▶ [Supplied data]:
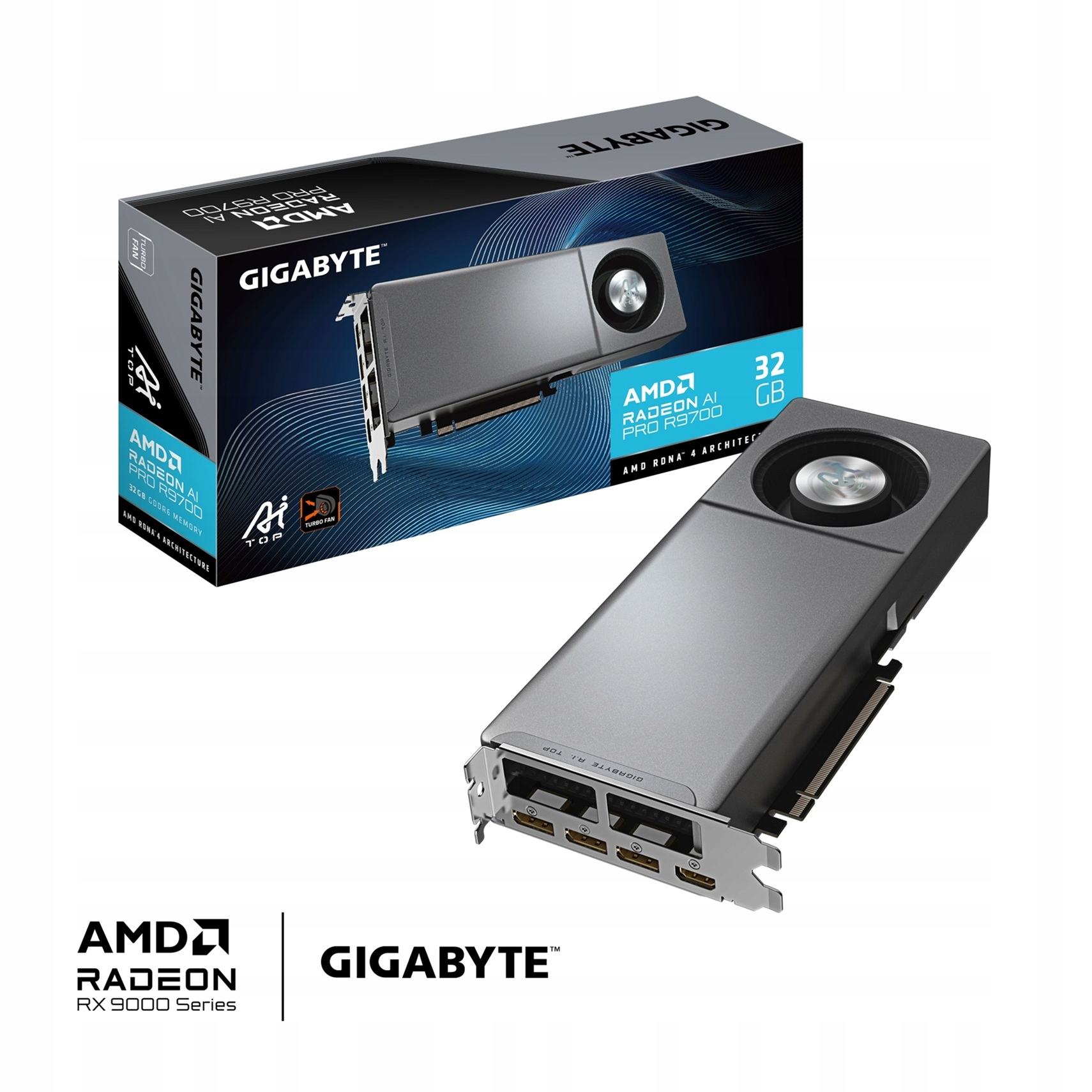 Gigabyte Radeon Ai Pro R9700 Ai Top 32G Amd 32 Gb GDDR6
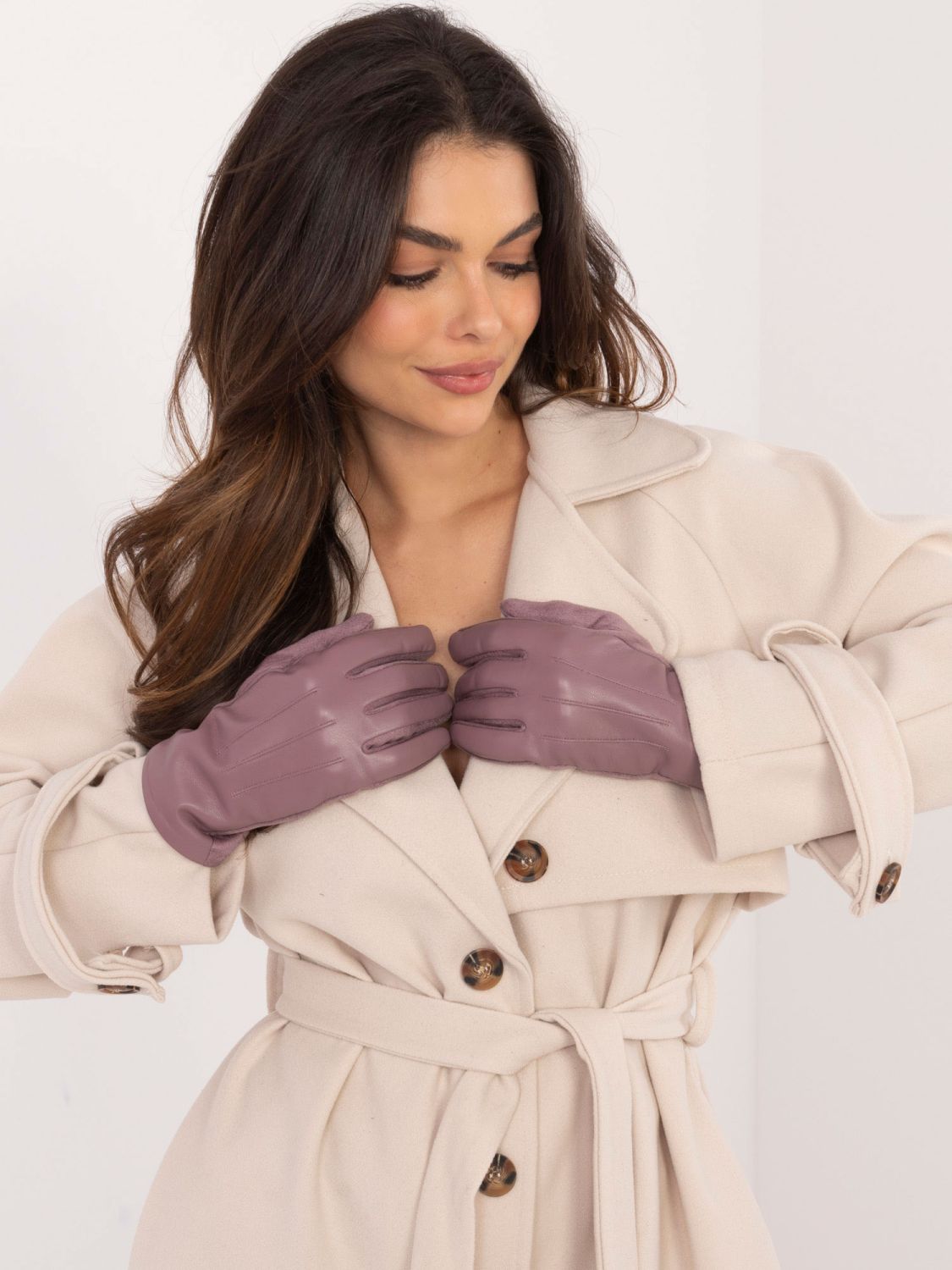 Lila Handschuhe mit warmer Fütterung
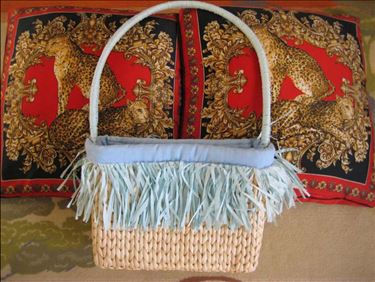 Abbildung: Korbtasche, Schultertasche aus Ibiza,unbenutzt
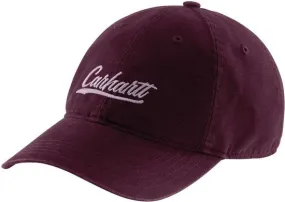 Carhartt Canvas Script Graphic Cap Blackberry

▶ [Instructions for the task]:
Pictures stay out; retype only the lines from the line containing "Abbildung: Korbtasche, Schultertasche" through the end of the listing, inclusive, exactly as they appear.

▶ [Result of the exercise]:
 Abbildung: Korbtasche, Schultertasche aus Ibiza,unbenutzt
 Carhartt Canvas Script Graphic Cap Blackberry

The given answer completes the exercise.